Sunday 4 August 2013

DAY IN- DAY OUT- A RHYTHMIC GEM

Day In-  Day Out- A Rhythmic Gem:  In 1939, pianist Rube Bloom wrote a relentlessly swinging song called  " Day In- Day Out."  Alec Wilder had occasion to write an arrangement for a song like no other he had heard before. H went on to describe a " Melodic line that soared and moved across the page in a lovely brush stroke. It never knotted it self up in cleverness or pretentiousness. And it had, remarkable for any any pop song, passion."  The operative word was " passion"since the song does achieve what Wilder also said " great emotional intensity. The lyrics by Johnny Mercer support s the melody matching the emphatic placement of notes that never relent . Mercer's exotic images  " That same old voodoo follows me about" " When I awake I get up with a tingle, one possibility in view, that possibility of may be seeing you" and finally " Then I kiss your lips and the pounding becomes an ocean's roar, a  thousand drums." are all artfully fitted to the unrelenting intensity of the music which increases with each repetition of the main melody.

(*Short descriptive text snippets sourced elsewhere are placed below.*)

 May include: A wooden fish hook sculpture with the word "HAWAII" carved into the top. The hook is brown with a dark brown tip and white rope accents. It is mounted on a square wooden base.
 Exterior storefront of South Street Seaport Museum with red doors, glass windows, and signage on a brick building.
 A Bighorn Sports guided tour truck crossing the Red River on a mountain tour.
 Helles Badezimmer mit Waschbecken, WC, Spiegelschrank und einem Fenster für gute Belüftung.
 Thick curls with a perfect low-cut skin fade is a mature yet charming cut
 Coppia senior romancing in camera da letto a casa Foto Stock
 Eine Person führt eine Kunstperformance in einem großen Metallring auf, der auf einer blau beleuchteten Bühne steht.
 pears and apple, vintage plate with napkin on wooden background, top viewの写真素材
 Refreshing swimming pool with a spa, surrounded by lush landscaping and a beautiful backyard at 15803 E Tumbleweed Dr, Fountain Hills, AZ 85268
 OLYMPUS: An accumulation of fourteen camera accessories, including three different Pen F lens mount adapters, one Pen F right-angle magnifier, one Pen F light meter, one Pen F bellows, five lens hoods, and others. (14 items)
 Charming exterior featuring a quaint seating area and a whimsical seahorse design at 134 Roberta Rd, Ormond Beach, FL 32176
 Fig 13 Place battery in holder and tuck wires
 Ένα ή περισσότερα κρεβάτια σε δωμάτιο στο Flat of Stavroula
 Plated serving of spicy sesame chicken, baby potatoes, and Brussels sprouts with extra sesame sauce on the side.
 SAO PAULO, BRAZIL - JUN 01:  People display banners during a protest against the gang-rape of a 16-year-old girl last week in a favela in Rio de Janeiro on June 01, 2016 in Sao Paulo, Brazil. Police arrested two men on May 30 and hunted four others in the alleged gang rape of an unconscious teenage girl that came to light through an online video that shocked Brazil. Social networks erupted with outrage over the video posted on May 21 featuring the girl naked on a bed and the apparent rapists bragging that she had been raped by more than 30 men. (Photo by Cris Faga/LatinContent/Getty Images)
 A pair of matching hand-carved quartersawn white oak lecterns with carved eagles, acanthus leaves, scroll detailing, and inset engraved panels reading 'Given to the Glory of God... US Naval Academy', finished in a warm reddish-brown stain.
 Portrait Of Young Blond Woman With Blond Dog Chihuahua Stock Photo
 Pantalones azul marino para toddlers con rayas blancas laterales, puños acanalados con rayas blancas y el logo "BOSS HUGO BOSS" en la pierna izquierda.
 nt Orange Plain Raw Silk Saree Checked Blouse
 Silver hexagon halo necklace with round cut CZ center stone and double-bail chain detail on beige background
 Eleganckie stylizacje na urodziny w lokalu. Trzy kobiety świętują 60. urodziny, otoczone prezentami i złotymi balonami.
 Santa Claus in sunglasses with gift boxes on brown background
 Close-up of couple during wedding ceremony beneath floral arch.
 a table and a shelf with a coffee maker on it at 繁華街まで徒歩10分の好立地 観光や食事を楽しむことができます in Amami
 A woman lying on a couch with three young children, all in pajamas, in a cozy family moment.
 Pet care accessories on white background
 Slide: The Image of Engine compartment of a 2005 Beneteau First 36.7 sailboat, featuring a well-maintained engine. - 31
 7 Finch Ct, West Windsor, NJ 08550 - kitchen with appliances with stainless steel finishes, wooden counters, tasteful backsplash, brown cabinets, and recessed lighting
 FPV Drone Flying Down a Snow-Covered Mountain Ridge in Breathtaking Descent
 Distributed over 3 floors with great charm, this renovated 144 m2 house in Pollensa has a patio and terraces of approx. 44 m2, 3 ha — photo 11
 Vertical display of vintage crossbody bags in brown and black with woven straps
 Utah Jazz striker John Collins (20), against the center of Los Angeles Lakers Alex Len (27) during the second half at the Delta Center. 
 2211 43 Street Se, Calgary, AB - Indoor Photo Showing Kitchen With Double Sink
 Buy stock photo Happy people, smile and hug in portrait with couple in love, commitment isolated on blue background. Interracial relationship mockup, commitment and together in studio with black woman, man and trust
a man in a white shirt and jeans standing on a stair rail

There is a particularly fine version performed by Frank Sinatra in a television program that opens with Sinatr surrounded by a bewildering array of drums and exotic percussion instruments. Nelson Riddle's arrangemnt maintains the passion inherent in the song itself and the drums are front and center throughout.
All the elements that make for a great song and performance are in place. The melody perfectly matched by Mercer's lyrics, the arrangement that never relents in its pulsating character, Sinatra's obvious enjoyment in belting out one of his characteristic " swingers" and Riddle's perfect setting for such a an intense songwriting collaboration.